▸ Description of the task: Could the listing be repeated exactly, with every picture dropped?

▸ Data excerpts:
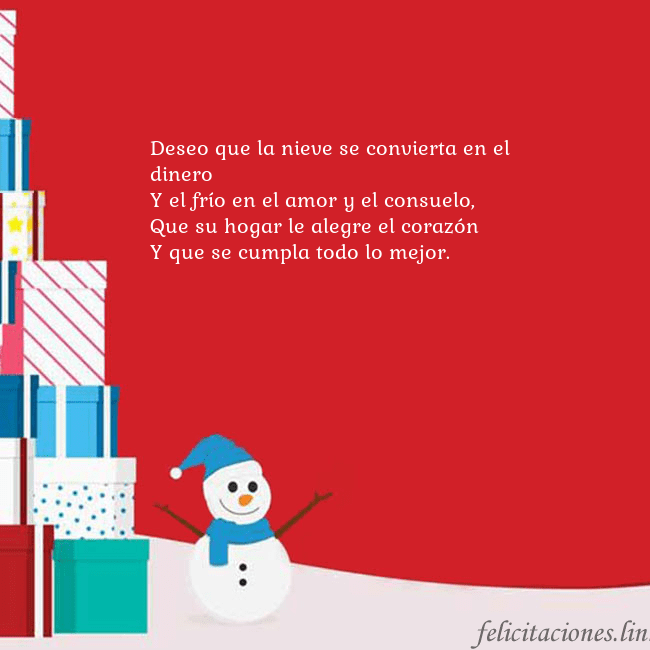 Tarjeta con regalos y muñeco de nieve Deseo que la nieve se convierta en el dinero
Y el  Tarjeta con regalos y muñeco de nieve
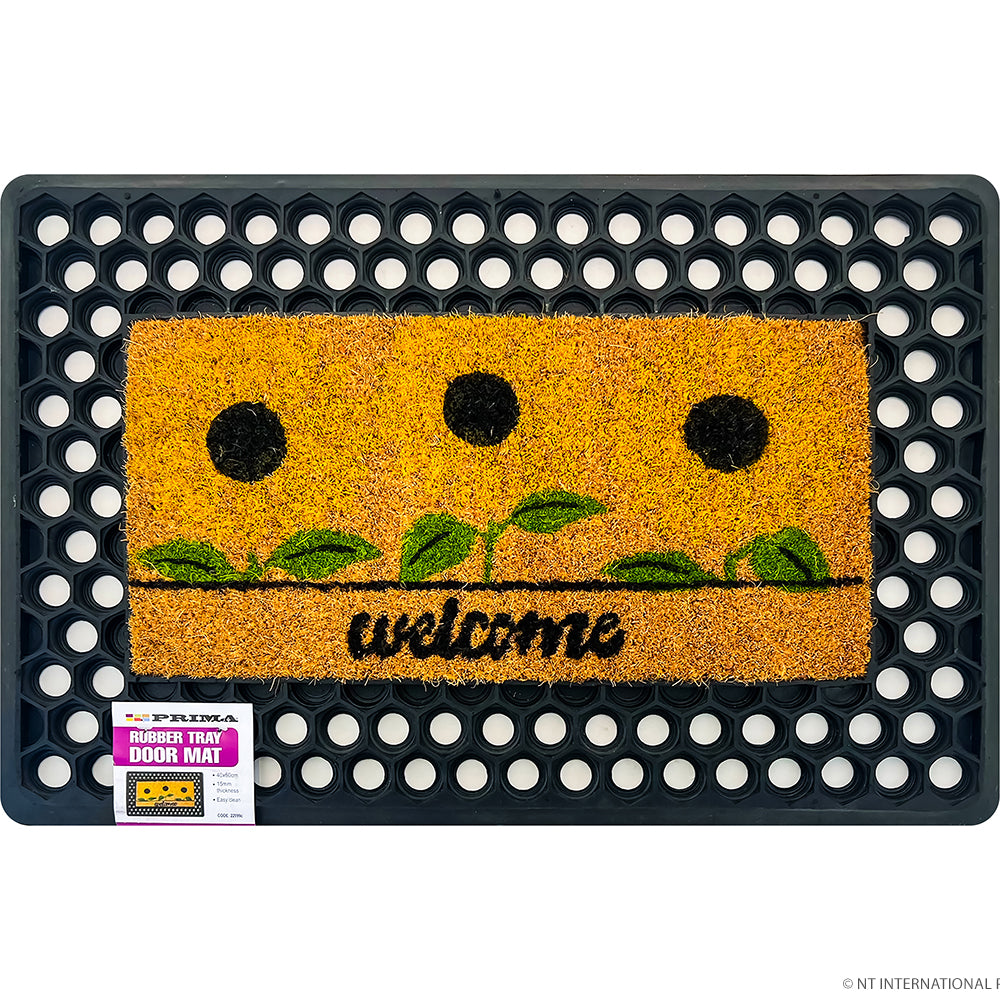 Coco Welcome Yellow Green Door Mat 40X60cm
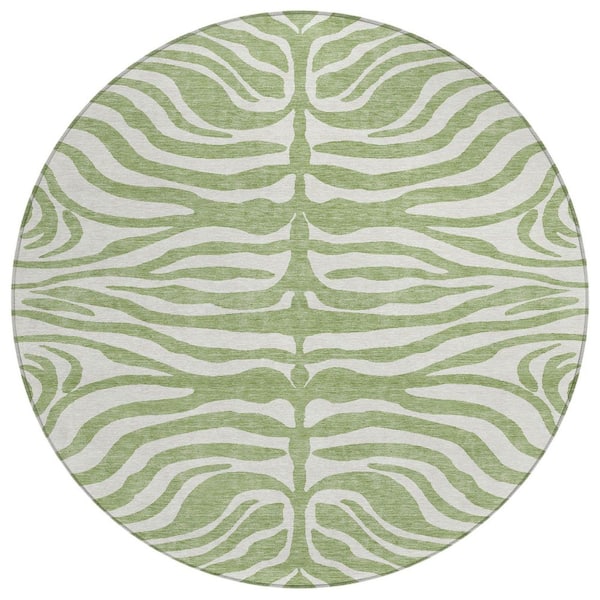 Addison Rugs Chantille Machine Washable Indoor/Outdoor Abstract ACN1042 Aloe 8 ft. x 8 ft. Area Rug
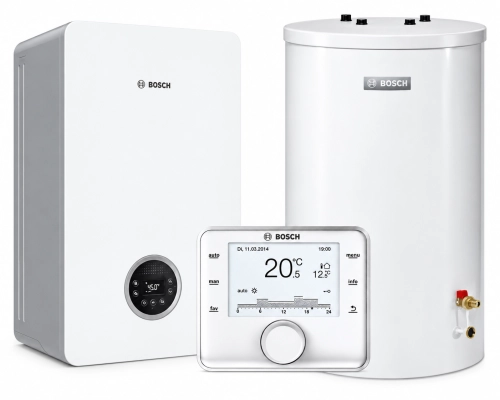 BOSCH JUNKERS Zestaw Kocioł 1 funkcyjny gazowy Condens GC2300IW 20P + Zasobnik CWU WST120-5O + Regulator pogodowy z czujnikiem temperatury CW400 + System kominowy 8734100642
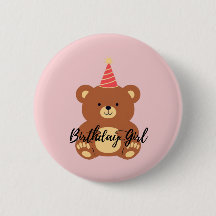Bouton de fille d'anniversaire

▸ Exercise response:
 Tarjeta con regalos y muñeco de nieve Deseo que la nieve se convierta en el dinero
Y el  Tarjeta con regalos y muñeco de nieve
 Coco Welcome Yellow Green Door Mat 40X60cm
 Addison Rugs Chantille Machine Washable Indoor/Outdoor Abstract ACN1042 Aloe 8 ft. x 8 ft. Area Rug
 BOSCH JUNKERS Zestaw Kocioł 1 funkcyjny gazowy Condens GC2300IW 20P + Zasobnik CWU WST120-5O + Regulator pogodowy z czujnikiem temperatury CW400 + System kominowy 8734100642
Bouton de fille d'anniversaire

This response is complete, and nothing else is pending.